** Problem description **
Every line of the records that contains "Casa" should be tallied, and only the resulting number returned.

Entries taken from a collection
· · ·

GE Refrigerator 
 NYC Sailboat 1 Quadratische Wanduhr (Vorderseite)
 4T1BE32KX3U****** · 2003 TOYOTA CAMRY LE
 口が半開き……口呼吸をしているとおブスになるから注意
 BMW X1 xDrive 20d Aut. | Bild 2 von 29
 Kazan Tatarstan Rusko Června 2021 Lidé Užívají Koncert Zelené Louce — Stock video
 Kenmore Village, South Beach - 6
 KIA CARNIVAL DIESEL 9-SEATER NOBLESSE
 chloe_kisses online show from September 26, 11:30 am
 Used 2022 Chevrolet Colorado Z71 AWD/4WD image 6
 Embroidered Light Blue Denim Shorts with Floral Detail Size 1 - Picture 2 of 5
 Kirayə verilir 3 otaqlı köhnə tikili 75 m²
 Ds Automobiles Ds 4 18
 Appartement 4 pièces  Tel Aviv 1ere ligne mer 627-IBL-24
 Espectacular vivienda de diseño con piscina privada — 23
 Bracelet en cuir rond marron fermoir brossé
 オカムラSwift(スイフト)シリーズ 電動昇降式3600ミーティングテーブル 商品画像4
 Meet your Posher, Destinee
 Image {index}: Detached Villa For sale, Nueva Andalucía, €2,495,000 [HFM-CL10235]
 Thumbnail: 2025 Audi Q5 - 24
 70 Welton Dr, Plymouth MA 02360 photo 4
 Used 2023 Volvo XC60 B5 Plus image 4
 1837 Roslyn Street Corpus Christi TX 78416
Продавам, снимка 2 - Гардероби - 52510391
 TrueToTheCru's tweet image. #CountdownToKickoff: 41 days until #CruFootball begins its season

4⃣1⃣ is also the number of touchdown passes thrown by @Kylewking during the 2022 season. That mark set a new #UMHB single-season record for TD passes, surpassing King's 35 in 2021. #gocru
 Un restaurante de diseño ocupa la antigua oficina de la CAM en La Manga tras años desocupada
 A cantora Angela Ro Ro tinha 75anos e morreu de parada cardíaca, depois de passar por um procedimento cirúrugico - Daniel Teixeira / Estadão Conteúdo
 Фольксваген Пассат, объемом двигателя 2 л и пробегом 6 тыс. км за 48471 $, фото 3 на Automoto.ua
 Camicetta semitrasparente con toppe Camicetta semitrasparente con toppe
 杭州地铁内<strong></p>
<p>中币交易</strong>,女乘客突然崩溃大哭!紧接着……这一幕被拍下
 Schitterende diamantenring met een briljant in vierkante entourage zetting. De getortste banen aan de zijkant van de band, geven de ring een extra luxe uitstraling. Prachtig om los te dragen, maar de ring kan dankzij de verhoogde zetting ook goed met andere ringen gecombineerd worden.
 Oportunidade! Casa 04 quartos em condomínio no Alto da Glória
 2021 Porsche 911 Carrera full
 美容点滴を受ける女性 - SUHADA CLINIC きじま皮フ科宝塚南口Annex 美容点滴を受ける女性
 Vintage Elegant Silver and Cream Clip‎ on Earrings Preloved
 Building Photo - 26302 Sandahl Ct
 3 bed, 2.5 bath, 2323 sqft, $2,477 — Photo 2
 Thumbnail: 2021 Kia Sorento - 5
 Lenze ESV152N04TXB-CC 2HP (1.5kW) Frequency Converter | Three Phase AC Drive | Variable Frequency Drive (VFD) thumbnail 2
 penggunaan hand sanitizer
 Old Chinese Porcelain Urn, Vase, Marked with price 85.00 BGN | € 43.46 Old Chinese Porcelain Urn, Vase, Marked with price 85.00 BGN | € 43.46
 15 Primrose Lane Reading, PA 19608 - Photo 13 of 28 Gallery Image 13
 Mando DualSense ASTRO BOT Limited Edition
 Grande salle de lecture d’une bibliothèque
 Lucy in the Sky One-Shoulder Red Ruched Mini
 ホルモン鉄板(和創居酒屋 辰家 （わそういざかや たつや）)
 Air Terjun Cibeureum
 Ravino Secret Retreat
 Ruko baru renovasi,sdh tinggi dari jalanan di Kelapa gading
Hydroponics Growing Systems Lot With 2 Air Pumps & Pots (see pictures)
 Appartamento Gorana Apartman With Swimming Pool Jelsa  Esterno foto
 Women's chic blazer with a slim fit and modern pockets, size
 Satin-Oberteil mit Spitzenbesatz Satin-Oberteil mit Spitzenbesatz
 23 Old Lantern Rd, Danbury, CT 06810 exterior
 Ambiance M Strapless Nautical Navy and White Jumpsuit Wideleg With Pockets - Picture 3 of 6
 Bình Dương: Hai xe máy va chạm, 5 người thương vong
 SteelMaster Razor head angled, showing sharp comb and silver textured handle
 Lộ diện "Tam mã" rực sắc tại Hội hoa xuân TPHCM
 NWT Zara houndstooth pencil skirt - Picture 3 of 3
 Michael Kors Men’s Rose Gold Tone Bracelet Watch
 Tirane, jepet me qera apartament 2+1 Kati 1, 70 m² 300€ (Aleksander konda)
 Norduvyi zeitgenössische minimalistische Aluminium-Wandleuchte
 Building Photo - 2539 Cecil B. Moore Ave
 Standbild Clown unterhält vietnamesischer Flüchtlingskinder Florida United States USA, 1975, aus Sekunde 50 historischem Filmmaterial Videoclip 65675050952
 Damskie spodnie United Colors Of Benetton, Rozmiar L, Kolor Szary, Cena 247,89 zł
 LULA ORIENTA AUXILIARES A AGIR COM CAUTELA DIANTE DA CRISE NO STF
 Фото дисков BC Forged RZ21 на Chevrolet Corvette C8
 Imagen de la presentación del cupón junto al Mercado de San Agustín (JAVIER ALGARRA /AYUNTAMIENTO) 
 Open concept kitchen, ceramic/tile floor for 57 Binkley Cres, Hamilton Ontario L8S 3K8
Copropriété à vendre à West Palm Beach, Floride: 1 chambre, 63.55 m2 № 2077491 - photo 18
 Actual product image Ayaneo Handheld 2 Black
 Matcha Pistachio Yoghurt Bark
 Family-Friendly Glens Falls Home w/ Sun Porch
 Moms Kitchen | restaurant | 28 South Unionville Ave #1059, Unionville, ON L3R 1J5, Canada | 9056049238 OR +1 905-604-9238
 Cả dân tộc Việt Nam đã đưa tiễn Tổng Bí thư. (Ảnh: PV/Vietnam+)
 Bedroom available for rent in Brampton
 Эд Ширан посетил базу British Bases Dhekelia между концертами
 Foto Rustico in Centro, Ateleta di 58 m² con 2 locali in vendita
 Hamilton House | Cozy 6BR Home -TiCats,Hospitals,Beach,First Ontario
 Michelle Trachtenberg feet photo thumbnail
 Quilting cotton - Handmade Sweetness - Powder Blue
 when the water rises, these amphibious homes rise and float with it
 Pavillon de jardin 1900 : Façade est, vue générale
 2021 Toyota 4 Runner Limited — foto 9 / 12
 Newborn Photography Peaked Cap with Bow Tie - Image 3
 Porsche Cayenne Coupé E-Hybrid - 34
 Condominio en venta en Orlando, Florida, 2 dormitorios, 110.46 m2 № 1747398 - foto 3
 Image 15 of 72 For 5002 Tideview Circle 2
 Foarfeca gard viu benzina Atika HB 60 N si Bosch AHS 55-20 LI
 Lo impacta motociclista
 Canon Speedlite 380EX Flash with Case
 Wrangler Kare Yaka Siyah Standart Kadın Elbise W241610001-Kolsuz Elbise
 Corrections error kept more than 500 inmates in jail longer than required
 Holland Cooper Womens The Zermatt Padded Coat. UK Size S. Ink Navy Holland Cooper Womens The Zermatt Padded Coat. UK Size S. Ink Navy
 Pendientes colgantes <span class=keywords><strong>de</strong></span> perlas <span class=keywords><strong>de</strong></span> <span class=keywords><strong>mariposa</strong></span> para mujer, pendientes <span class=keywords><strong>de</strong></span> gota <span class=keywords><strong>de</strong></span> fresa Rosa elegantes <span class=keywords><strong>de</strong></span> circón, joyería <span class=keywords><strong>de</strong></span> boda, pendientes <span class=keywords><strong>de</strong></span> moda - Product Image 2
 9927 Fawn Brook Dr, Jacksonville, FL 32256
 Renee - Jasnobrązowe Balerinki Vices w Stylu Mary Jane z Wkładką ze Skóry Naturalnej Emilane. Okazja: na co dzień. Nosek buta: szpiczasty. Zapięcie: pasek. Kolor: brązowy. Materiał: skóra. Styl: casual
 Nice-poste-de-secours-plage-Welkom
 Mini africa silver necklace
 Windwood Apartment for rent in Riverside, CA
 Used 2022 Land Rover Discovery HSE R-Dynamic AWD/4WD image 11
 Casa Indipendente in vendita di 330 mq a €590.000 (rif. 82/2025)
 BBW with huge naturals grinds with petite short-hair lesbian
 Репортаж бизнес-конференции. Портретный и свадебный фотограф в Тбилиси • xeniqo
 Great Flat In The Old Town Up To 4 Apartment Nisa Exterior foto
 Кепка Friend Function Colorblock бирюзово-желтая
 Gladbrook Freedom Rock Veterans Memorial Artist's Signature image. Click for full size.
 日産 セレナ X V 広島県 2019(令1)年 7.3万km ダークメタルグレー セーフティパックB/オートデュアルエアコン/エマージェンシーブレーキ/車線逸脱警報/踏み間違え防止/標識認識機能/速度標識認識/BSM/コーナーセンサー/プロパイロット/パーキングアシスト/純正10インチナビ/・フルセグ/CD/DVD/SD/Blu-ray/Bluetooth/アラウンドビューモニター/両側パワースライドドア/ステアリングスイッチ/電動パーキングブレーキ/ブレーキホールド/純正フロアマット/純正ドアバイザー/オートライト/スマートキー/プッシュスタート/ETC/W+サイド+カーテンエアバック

· · ·

** Expected output **
2